Links Daily Devotional

Will I Succeed?, Part 10

“This Book of the Law shall not depart from your mouth, but you shall meditate on it day and night, so that you may be careful to do according to all that is written in it. For then you will make your way prosperous, and then you will have good success.” (Joshua 1:8, ESV)

When God spoke to Joshua of “good success,” what did He mean?

Military victory. Moving into uncharted territory and possessing a land filled with “milk and honey.” Building “goodly houses” and living in them.

Yes, but He meant more.

Tiger Woods certainly has had more success than any golfer over the past twenty years, winning three USGA Junior Championships, three USGA Amateur Championships and three U.S. Open Championships. Plus eleven other majors and seventy-one PGA Tour victories.

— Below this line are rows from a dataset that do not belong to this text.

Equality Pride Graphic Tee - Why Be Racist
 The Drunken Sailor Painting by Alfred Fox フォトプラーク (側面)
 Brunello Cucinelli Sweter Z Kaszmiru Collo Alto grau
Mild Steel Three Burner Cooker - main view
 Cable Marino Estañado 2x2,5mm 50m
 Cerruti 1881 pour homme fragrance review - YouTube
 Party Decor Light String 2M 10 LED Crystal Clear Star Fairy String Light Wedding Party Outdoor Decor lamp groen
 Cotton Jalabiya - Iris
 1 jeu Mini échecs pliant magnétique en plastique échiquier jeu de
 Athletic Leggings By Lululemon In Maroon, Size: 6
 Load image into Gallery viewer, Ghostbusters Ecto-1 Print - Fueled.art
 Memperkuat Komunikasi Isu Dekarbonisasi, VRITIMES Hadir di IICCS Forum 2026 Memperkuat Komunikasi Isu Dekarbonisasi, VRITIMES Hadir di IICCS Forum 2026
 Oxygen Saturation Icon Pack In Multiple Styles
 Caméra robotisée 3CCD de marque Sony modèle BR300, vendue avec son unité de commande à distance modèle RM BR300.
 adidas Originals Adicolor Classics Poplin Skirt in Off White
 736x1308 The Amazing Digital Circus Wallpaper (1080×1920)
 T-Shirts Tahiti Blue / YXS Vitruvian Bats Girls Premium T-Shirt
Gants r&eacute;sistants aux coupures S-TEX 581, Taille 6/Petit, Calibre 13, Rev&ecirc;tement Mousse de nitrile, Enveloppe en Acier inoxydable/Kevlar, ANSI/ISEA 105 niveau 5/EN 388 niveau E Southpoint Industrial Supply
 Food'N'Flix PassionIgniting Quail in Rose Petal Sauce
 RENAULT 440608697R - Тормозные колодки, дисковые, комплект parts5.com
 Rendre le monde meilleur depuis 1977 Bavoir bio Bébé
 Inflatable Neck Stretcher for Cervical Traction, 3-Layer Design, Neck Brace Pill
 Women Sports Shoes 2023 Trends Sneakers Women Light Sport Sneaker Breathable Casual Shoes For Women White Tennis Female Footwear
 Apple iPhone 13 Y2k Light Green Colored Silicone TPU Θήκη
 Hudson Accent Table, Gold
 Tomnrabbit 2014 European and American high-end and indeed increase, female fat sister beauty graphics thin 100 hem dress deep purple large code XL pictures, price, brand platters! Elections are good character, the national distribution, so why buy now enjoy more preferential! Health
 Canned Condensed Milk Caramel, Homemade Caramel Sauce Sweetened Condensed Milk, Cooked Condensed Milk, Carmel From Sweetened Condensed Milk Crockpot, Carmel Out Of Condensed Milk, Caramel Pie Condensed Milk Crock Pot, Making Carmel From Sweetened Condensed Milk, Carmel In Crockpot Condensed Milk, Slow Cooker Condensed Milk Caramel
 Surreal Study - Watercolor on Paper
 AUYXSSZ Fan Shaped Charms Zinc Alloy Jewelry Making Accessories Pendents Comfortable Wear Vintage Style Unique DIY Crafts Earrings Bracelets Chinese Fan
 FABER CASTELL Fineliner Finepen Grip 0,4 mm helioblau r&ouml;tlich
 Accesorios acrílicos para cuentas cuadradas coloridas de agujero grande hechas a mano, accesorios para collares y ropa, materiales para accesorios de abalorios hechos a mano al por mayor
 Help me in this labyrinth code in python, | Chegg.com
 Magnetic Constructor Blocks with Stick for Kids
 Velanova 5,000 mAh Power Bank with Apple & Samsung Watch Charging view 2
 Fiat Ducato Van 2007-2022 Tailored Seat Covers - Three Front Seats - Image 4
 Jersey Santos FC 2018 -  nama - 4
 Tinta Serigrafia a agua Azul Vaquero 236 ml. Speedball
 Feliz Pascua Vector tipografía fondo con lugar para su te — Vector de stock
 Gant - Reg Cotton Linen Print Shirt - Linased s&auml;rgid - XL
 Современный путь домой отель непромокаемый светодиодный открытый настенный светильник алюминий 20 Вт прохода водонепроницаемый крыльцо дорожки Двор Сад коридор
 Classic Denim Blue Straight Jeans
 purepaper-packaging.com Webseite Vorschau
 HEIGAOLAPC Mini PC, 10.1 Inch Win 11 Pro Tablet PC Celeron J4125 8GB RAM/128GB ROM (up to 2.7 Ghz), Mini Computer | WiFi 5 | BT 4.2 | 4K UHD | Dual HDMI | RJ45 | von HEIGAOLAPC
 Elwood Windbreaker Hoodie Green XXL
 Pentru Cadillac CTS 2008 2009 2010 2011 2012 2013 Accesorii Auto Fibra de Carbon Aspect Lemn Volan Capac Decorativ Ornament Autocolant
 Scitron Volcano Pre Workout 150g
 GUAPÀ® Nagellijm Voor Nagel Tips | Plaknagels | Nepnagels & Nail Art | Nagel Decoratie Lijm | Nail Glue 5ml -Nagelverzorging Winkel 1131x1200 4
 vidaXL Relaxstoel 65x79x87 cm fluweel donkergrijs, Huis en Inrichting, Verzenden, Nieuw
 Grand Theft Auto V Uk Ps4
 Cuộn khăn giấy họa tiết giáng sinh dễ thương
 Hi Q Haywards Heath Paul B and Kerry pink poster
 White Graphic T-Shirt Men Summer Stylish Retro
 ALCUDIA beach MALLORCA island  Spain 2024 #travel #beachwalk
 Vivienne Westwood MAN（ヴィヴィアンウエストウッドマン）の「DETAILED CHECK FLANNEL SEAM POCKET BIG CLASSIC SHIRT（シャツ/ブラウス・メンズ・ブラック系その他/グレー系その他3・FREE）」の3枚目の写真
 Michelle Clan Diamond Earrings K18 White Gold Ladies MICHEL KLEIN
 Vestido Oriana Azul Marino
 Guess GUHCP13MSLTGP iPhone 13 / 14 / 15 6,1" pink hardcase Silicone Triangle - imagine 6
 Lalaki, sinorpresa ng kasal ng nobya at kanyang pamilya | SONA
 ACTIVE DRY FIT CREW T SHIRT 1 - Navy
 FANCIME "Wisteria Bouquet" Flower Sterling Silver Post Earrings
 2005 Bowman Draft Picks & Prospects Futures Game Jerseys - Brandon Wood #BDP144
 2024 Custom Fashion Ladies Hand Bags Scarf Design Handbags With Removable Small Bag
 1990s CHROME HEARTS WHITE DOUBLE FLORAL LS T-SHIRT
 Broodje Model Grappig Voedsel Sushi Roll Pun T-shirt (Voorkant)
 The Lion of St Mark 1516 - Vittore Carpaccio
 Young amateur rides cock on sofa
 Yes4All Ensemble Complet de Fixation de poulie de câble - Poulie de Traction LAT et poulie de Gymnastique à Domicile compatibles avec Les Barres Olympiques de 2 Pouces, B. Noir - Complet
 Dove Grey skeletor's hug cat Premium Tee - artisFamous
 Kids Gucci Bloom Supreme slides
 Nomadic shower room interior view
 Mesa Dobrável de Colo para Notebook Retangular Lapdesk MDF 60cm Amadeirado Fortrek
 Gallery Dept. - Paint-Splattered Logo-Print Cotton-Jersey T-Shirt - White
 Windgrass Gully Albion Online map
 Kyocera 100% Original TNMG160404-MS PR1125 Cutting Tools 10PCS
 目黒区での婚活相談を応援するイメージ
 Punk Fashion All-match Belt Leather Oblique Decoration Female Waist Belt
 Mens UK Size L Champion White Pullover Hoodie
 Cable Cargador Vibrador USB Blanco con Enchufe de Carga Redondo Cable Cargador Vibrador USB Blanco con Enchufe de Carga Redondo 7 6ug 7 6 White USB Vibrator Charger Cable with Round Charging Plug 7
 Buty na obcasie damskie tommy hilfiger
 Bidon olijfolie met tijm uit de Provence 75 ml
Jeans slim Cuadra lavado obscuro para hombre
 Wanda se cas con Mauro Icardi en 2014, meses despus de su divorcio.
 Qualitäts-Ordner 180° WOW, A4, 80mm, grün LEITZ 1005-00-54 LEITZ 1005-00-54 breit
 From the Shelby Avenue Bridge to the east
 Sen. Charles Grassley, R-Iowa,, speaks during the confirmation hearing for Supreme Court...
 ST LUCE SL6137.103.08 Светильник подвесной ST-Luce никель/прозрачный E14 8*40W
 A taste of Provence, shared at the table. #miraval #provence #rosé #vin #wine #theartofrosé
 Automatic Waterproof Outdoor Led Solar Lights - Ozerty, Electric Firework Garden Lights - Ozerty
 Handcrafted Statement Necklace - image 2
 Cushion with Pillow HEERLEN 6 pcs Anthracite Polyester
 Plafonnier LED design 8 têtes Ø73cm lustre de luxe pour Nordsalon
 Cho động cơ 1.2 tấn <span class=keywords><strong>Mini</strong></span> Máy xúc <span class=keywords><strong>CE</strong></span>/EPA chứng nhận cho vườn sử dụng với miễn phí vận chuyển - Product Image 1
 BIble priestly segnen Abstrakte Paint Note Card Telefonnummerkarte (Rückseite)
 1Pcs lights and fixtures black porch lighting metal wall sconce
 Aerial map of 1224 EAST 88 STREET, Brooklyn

Plus his money winnings and endorsements purported to be around $1000 million. That’s right, one billion dollars!

Tiger is rightly applauded for his amazing achievements and good success in golf.

I’ve often pondered what kind of success it would take to be the undisputed greatest golfer of all time? What would be the Big Win? I don’t know. But I do know what the Big Loss in life would be.

In one of His most stinging statements, Jesus said, “For what will it profit a man if he gains the whole world, and loses his own soul?” (Mark 8:36).

Two weeks ago, I had the pleasure of attending the PGA Tour Bible study with my long-time friend Larry Moody who, along with Dave Krueger, has been a spiritual guide for hundreds of Tour pros over a period of 31 years. I sat with joy with about 25 pros and caddies as Larry opened the Scriptures.

I caught myself thinking back 46 years to that first study with five pros when the Tour came to Philadelphia in June of 1965. Many pros have come and gone since then. Actually the numbers are in the thousands. Whom do I remember as having good success—success from God’s viewpoint?

When I think of men who’ve had that good success, I think of men like Larry Nelson, of whom I wrote last month, or Bernhard Langer, or Tom Lehman. But there are numerous others, some you may have heard of, some you have not.

Solomon, the wisest and wealthiest man on earth during his reign as king of Palestine, invested over a billion dollars (if you calculate the cost of gold he used at today’s prices) in building the temple in Jerusalem. Among his proverbs, he wrote: “A good name is more desirable than great riches; to be esteemed is better than silver or gold” (Proverbs 22:1).

So what does this proverb teach us about “good success?”

That it means possessing a good name. Being esteemed.

And even more important: Not climbing the wrong ladder—a ladder that may lead to financial success, even becoming the greatest player of all time, but a ladder that might risk losing one’s soul.